TRAVELLING IN THE NORTH COUNTRIES, AND A SOUTHBOUND TRAIN

This is a look back over my October-November tour of talks, now that I'm home again in the southwest of France.

I gave talks on BOB DYLAN & THE HISTORY OF ROCK'N'ROLL at Cape Breton University, Nova Scotia, Canada; at the University of Texas at Austin; at Arkansas State University at Jonesboro AR; and at the University of Oslo. And I gave talks on BOB DYLAN & THE POETRY OF THE BLUES at Dalhousie University, Nova Scotia, Canada; at the University of Chicago; at Southwestern University, Georgetown TX; at Nebraska Wesleyan University in Lincoln NE; at the University of Nebraska at Kearney; and at Goldsmiths College, London.
The quirky, surprisingly classy-roomed Royal Hotel, Cape Breton, Nova Scotia

Aside from the talks themselves, and the people who made up my audiences and hosts, and others met along the way, the most memorable episodes for me were encountering US Customs & Immigration on the way in  to Chicago from Canada, and the 29-hour train ride I took out  of Chicago all the way down south to Austin Texas.

I'd expected to meet US Customs & Immigration when I reached  Chicago, but no, they occupy a whole portion of the main airport in Montreal - and a vast acreage of corridors and checkpoints it is too. And instead of granting me the Visa Waiver Business stamp for my passport straight away, as always in the past, they made me wait, and then pulled me aside - "Is there a problem?" "No, no problem: just go and take a seat over there, sir, please"... and so I had to sit and fret in a special waiting area while a gathering of these officers discussed me. None seemed able to dare be responsible for simply letting me in. Time passed. Then one of them, who looked more like a lapsed Amish in fancy dress than an immigration officer, called me over to his small cubicle ("Michael, just step in here a moment...") and grilled me for the longest time, making me show him all the university letters of invitation I had with me, peering through my 7-page printed itinerary like a man who could hardly read, and then sending me back to the forlorn and deserted waiting area while he went off once more to consult . . . while I sweated away and the time ticked by right up to my the gate-closing time for my flight - and beyond. Then he called me back int one more time (and it was "Mr Gray" now, which sounded worse) - and finally gave me the passport stamp thtree minutes before my flight was leaving from a long way away down the airport. "There are plenty of flights to Chicago," he smirked. Mine, of course, was of the cheap, non-transferable type, valid for that flight only. Luckily, Air Canada were kind and gave me a boarding pass for the flight a couple of hours later. Not my favourite part of the trip.

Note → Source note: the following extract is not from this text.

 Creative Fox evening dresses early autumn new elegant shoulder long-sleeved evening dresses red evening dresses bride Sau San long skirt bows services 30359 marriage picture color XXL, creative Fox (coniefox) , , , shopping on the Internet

But ah, Chicago. The parts of the university I saw - the music department lecture theatre and the quadrangle you reach it from -  are elegant Victoriana, with ivy climbing stone walls and mullioned gothic windows: all this in sharp contrast to the soaring drama of the city's skyscrapers, which cluster together gleam with far more panache than New York's. I didn't have enough time here, really, to enjoy the zing of the city, before I set off in a cab to Union Station.

The train was just great. 29 hours with no wifi available (and in my case no American mobile phone): 29 hours throughout which no-one could demand anything from me. So rare a thing today. Just the innate glamour of the epic ride, the dining-car sociability - they put you together with strangers at shared tables - the changing landscape, the sleeping compartment, and the sheer olde worlde physicality of it: all iron and steel and rattling tracks and big old bridges taking you high up over muddy rivers and through woods with little wooden houses and mules and rusting 1940s pick-up trucks. We'd pulled out of Chicago at 1.45pm, and rolled on through the afternoon and evening, and all through the night. When I woke in the early morning we were crossing into Texas, and it took all that second day to clatter down through that enormous state; and after I disembarked at Austin, at 6.35pm, it was going to go head on further south, still in Texas, for a number of hours more.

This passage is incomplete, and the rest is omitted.